_Work order_.
Return every entry below exactly as written.
** Listed records follows **
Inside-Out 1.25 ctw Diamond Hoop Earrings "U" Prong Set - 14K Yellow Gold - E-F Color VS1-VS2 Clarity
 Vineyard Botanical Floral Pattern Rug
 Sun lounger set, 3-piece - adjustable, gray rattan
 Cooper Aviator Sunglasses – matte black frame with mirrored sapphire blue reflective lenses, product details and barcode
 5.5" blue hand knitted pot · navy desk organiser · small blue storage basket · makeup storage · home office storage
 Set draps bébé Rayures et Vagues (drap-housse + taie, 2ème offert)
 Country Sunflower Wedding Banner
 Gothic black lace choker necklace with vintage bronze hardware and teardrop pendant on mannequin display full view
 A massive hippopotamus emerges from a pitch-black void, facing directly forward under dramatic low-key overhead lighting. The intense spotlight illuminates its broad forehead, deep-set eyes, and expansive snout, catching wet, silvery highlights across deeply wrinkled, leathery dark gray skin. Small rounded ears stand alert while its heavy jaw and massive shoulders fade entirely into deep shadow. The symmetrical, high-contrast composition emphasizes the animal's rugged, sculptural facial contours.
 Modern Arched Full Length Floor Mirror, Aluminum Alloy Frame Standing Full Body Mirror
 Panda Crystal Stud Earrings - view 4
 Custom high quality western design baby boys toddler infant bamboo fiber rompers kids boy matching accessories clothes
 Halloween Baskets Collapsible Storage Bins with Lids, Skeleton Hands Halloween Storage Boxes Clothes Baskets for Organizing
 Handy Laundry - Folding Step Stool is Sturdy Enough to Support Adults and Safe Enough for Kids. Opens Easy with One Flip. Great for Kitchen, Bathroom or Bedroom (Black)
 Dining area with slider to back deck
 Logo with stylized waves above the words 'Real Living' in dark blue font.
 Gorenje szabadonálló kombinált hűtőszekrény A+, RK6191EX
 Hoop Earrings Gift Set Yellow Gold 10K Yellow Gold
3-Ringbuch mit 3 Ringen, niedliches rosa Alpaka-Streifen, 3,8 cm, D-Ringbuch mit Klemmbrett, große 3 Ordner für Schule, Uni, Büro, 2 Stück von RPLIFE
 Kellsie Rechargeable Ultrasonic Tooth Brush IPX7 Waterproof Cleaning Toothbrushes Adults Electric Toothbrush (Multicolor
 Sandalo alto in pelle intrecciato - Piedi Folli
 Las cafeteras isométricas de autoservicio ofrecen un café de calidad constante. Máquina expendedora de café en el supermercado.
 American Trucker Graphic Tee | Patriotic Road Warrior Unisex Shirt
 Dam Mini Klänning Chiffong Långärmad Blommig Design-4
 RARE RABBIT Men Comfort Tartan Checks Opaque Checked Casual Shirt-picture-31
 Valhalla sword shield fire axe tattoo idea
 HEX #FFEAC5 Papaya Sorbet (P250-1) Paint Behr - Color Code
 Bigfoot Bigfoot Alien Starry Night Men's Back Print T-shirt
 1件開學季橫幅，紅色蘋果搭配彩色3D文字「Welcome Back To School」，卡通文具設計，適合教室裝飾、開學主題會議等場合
** End of Listed records **
_Answer to the exercise_.
Inside-Out 1.25 ctw Diamond Hoop Earrings "U" Prong Set - 14K Yellow Gold - E-F Color VS1-VS2 Clarity
 Vineyard Botanical Floral Pattern Rug
 Sun lounger set, 3-piece - adjustable, gray rattan
 Cooper Aviator Sunglasses – matte black frame with mirrored sapphire blue reflective lenses, product details and barcode
 5.5" blue hand knitted pot · navy desk organiser · small blue storage basket · makeup storage · home office storage
 Set draps bébé Rayures et Vagues (drap-housse + taie, 2ème offert)
 Country Sunflower Wedding Banner
 Gothic black lace choker necklace with vintage bronze hardware and teardrop pendant on mannequin display full view
 A massive hippopotamus emerges from a pitch-black void, facing directly forward under dramatic low-key overhead lighting. The intense spotlight illuminates its broad forehead, deep-set eyes, and expansive snout, catching wet, silvery highlights across deeply wrinkled, leathery dark gray skin. Small rounded ears stand alert while its heavy jaw and massive shoulders fade entirely into deep shadow. The symmetrical, high-contrast composition emphasizes the animal's rugged, sculptural facial contours.
 Modern Arched Full Length Floor Mirror, Aluminum Alloy Frame Standing Full Body Mirror
 Panda Crystal Stud Earrings - view 4
 Custom high quality western design baby boys toddler infant bamboo fiber rompers kids boy matching accessories clothes
 Halloween Baskets Collapsible Storage Bins with Lids, Skeleton Hands Halloween Storage Boxes Clothes Baskets for Organizing
 Handy Laundry - Folding Step Stool is Sturdy Enough to Support Adults and Safe Enough for Kids. Opens Easy with One Flip. Great for Kitchen, Bathroom or Bedroom (Black)
 Dining area with slider to back deck
 Logo with stylized waves above the words 'Real Living' in dark blue font.
 Gorenje szabadonálló kombinált hűtőszekrény A+, RK6191EX
 Hoop Earrings Gift Set Yellow Gold 10K Yellow Gold
3-Ringbuch mit 3 Ringen, niedliches rosa Alpaka-Streifen, 3,8 cm, D-Ringbuch mit Klemmbrett, große 3 Ordner für Schule, Uni, Büro, 2 Stück von RPLIFE
 Kellsie Rechargeable Ultrasonic Tooth Brush IPX7 Waterproof Cleaning Toothbrushes Adults Electric Toothbrush (Multicolor
 Sandalo alto in pelle intrecciato - Piedi Folli
 Las cafeteras isométricas de autoservicio ofrecen un café de calidad constante. Máquina expendedora de café en el supermercado.
 American Trucker Graphic Tee | Patriotic Road Warrior Unisex Shirt
 Dam Mini Klänning Chiffong Långärmad Blommig Design-4
 RARE RABBIT Men Comfort Tartan Checks Opaque Checked Casual Shirt-picture-31
 Valhalla sword shield fire axe tattoo idea
 HEX #FFEAC5 Papaya Sorbet (P250-1) Paint Behr - Color Code
 Bigfoot Bigfoot Alien Starry Night Men's Back Print T-shirt
 1件開學季橫幅，紅色蘋果搭配彩色3D文字「Welcome Back To School」，卡通文具設計，適合教室裝飾、開學主題會議等場合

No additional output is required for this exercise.